What the task requires — What is needed is an exact copy of the lines in the entries below from the one holding "Luxury Bamboo Market" through the one holding "SEVENTH GENERATION Free", pictures excluded.

Listed records —
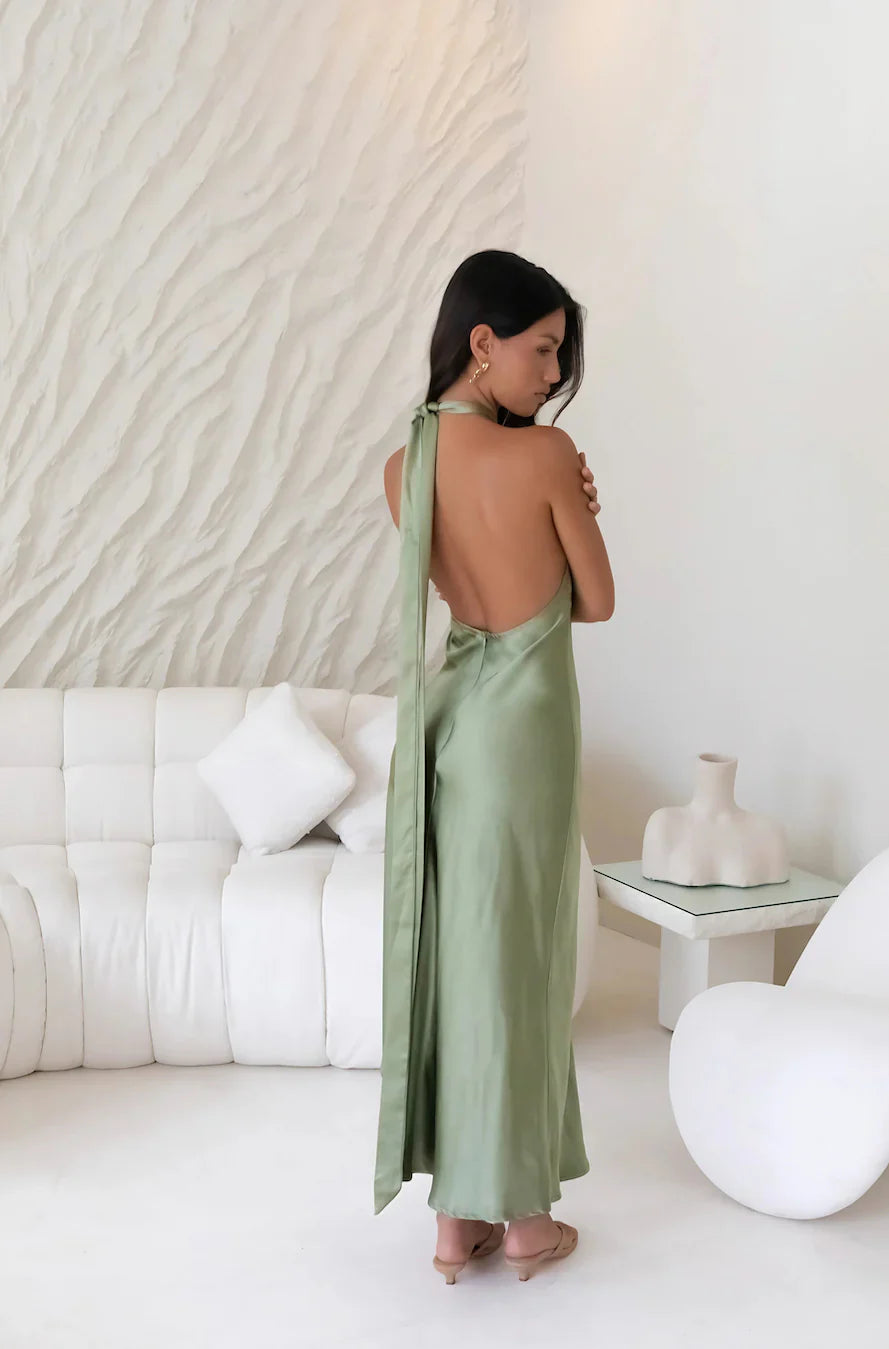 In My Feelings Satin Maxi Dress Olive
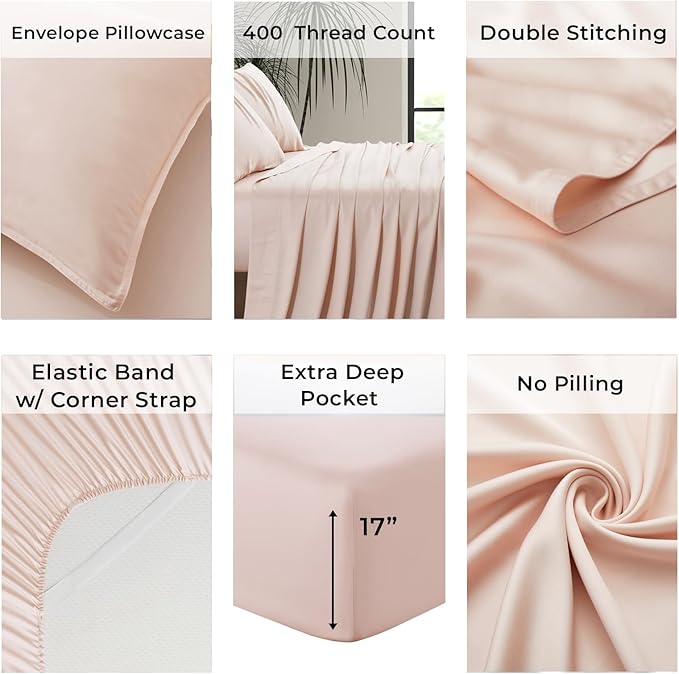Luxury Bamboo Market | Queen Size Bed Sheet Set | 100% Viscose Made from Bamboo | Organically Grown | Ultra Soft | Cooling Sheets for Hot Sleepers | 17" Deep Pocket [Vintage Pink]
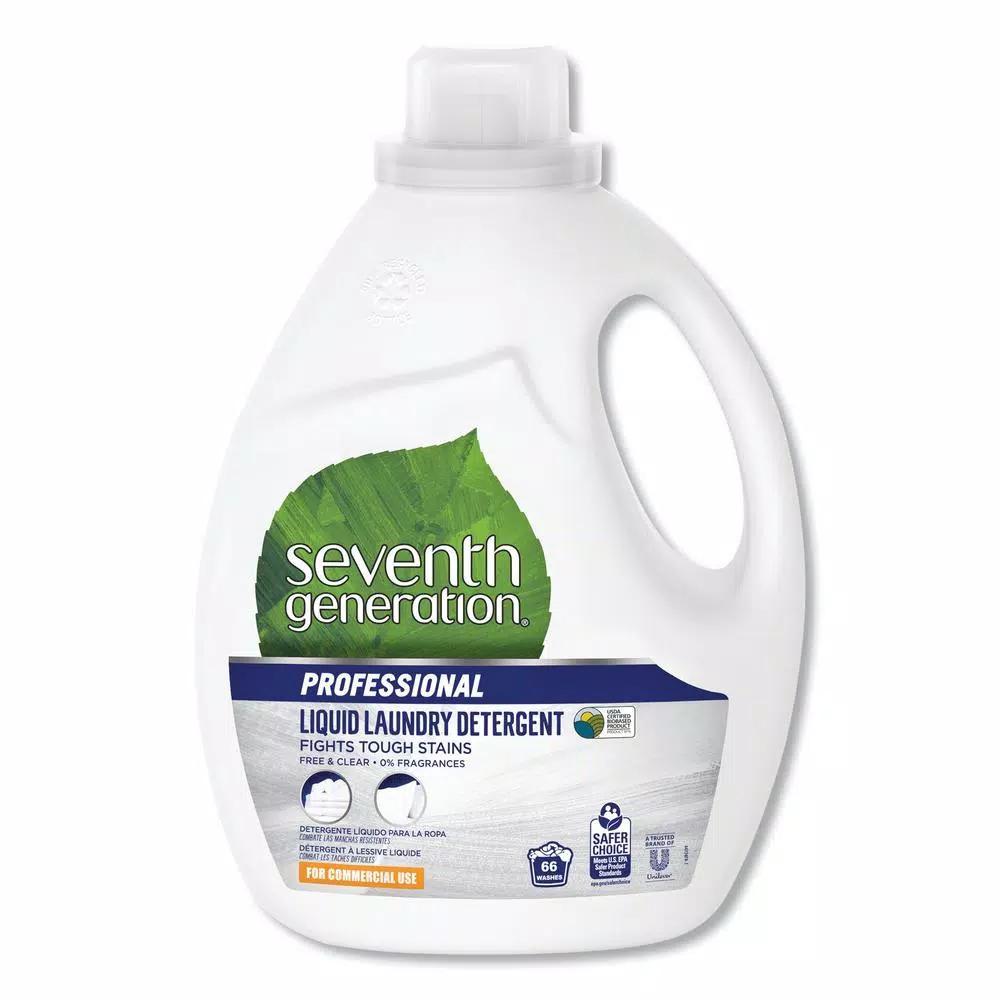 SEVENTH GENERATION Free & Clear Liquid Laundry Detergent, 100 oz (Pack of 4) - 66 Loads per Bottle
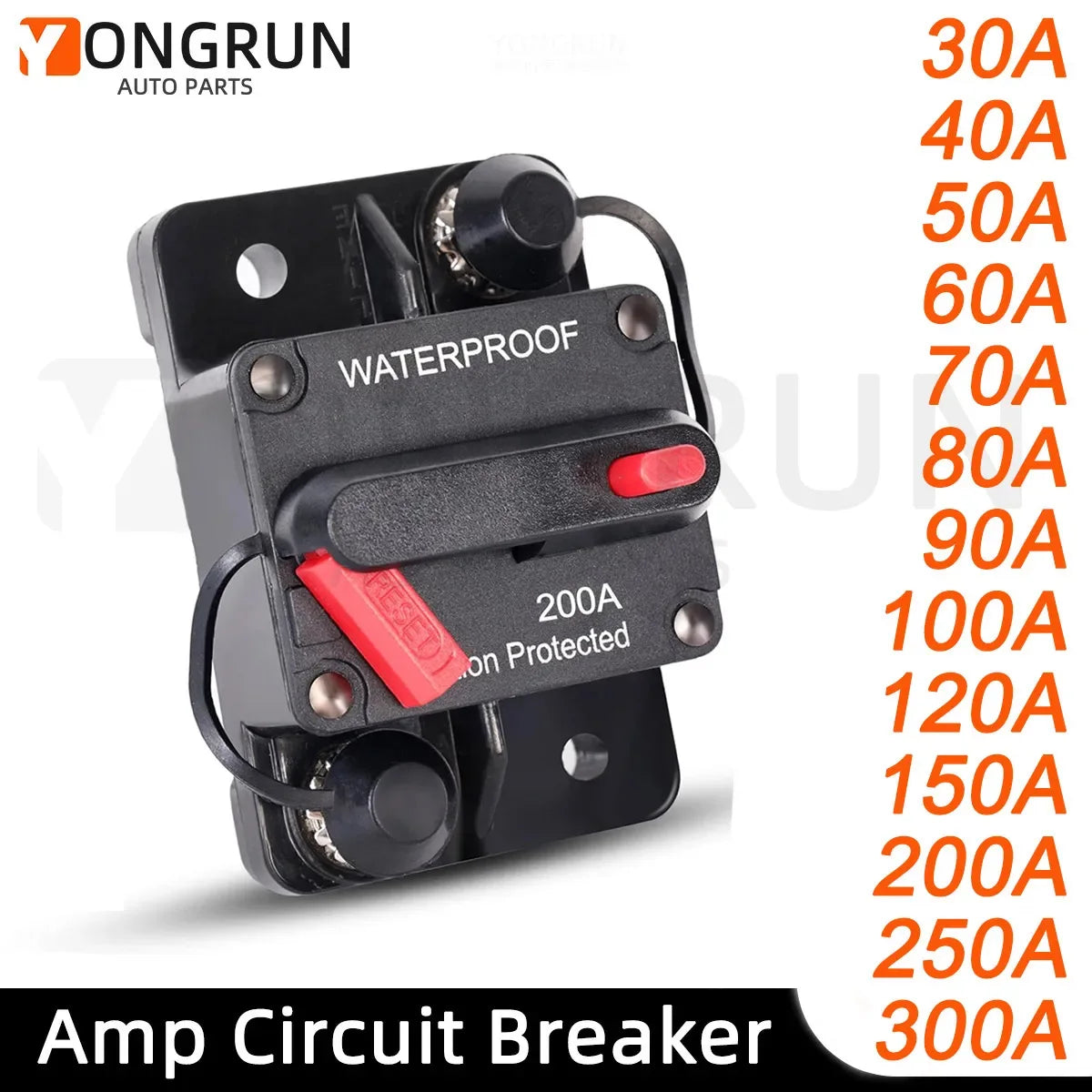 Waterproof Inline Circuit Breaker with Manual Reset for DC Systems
--
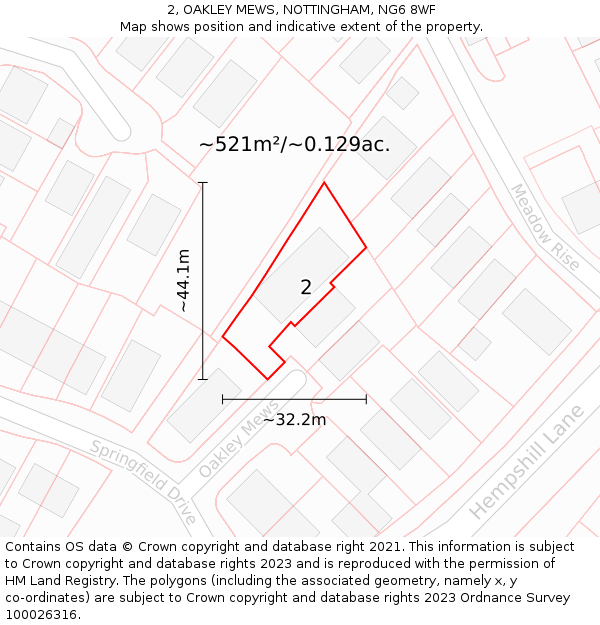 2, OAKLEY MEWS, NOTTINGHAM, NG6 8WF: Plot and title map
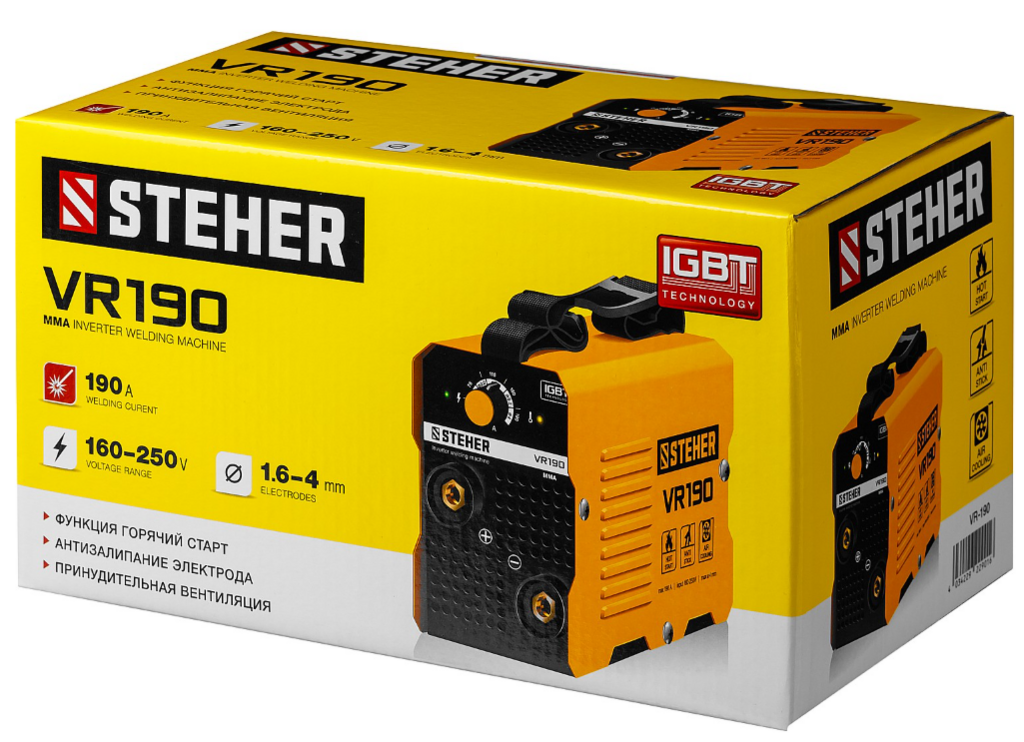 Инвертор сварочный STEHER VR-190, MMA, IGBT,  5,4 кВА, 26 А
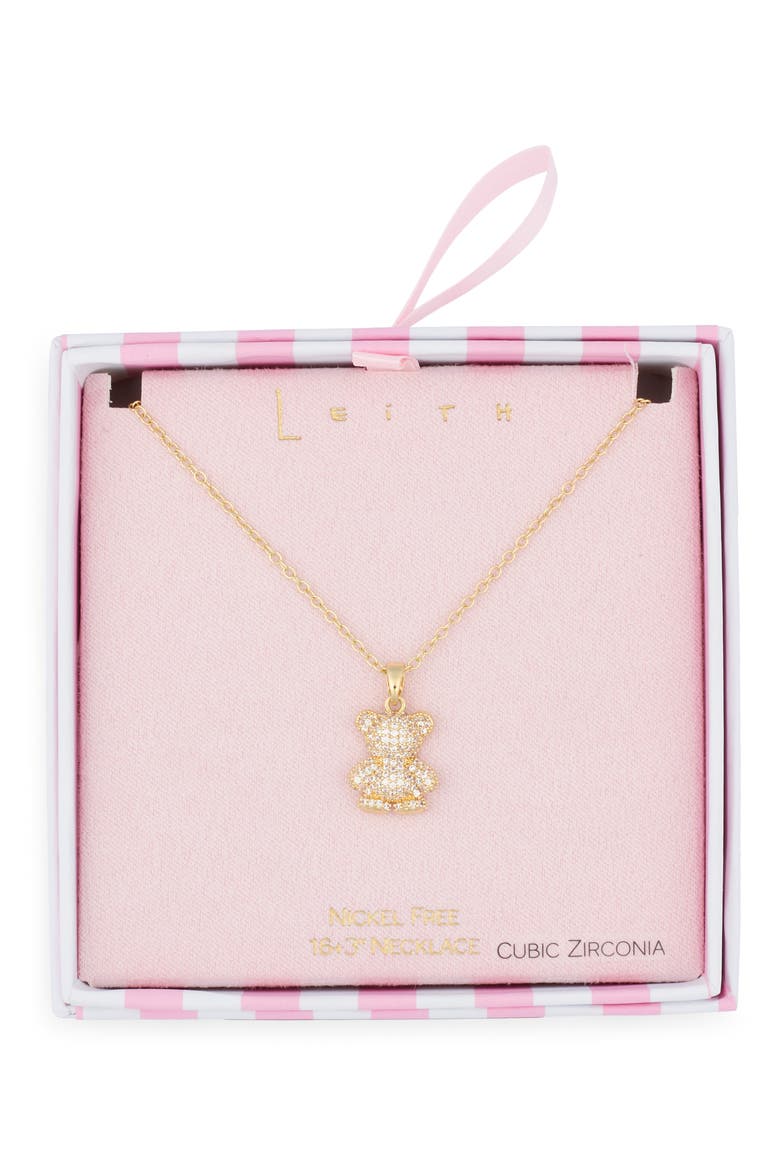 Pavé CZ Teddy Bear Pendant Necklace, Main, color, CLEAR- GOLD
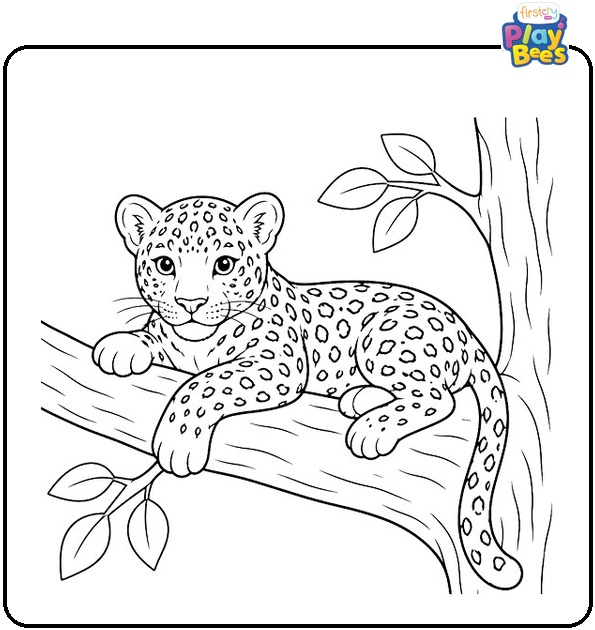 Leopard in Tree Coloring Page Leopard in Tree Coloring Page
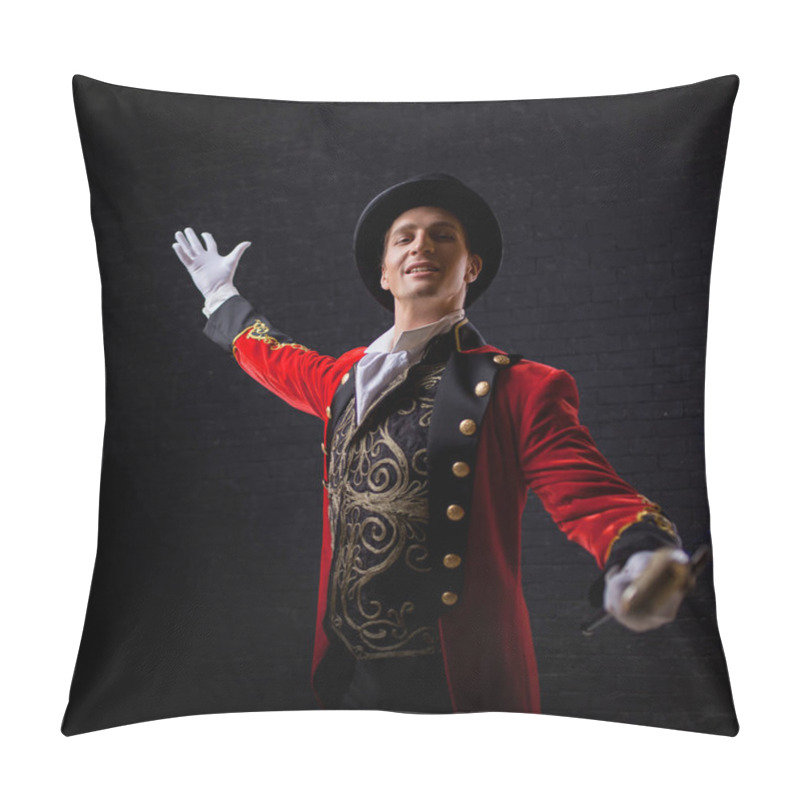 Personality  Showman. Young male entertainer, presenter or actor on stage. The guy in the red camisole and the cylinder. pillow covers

Task result —
Luxury Bamboo Market | Queen Size Bed Sheet Set | 100% Viscose Made from Bamboo | Organically Grown | Ultra Soft | Cooling Sheets for Hot Sleepers | 17" Deep Pocket [Vintage Pink]
 SEVENTH GENERATION Free & Clear Liquid Laundry Detergent, 100 oz (Pack of 4) - 66 Loads per Bottle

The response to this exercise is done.